A common result from this lack
understanding I've been seeing is trying to perform a task solely via
writing a regex pattern, that regexes themselves have no capacity to
perform. Not that a regex couldn't be a part of the solution but in
the end it's not even what will do what the person wants done,
usually it a coding task, but the regex can at least do some of the
prep work of the task. Even if some implementations of the regex
engine allow code to be called, it is still the code doing the heavy
lifting. The regex is only finding the data. One could save
themselves hours of wasted time if the just understand the basics of
what they are getting themselves into.
Another thing I've seen, related to the
not having a basic understanding, is a task that is not only
perfectly suited for using a regex but a very common application of
a regex task and the person asking the question asking “Is this
some that a regex can do?” Of the issues I've mention this one is
the most and the least understandable. The most because regular
expressions are not simple to everyone, to some it comes easy to
others it never comes completely. And some of the documentation isn't
the greatest, though there is plenty of good documentation out there these days. So I can understand why some can't get their head
about exactly how to write a regex. But it the least understandable
when they are asking how to write a regex so common, and usually
simple, that dozens of tutorials and/or articles on regexes use the
very regex they are asking for as an example.

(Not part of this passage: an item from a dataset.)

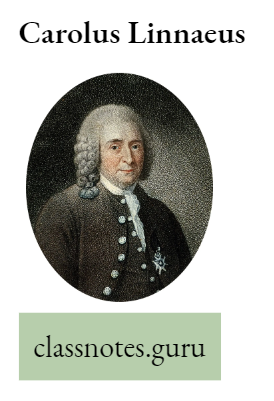 Life And Its Diversity Carolus Linnaeus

I think the main problems of people
who fall into this category is
Lack of research. There are more
than enough tutorials out on the web and more than a few books that
have simple samples to give you an idea of what a regex does. I find
it very hard to believe when someone says they couldn't find a regex
for basic (US) zip codes. Did you even look? Or are you only using a
regex for this task because someone told you that you should and ran out to find someone to write it for you? or are you just cheating on your homework?
Misunderstanding what regular
expressions understand. There seems to be more than a few people
who think a regex understands the context of the data it matches.
That it not only know how to match the data but it know what it
means, either in context to their application or to the world at
large. Those are the people that think a regex for matching zip codes
know what zip codes are used for and where they would be used.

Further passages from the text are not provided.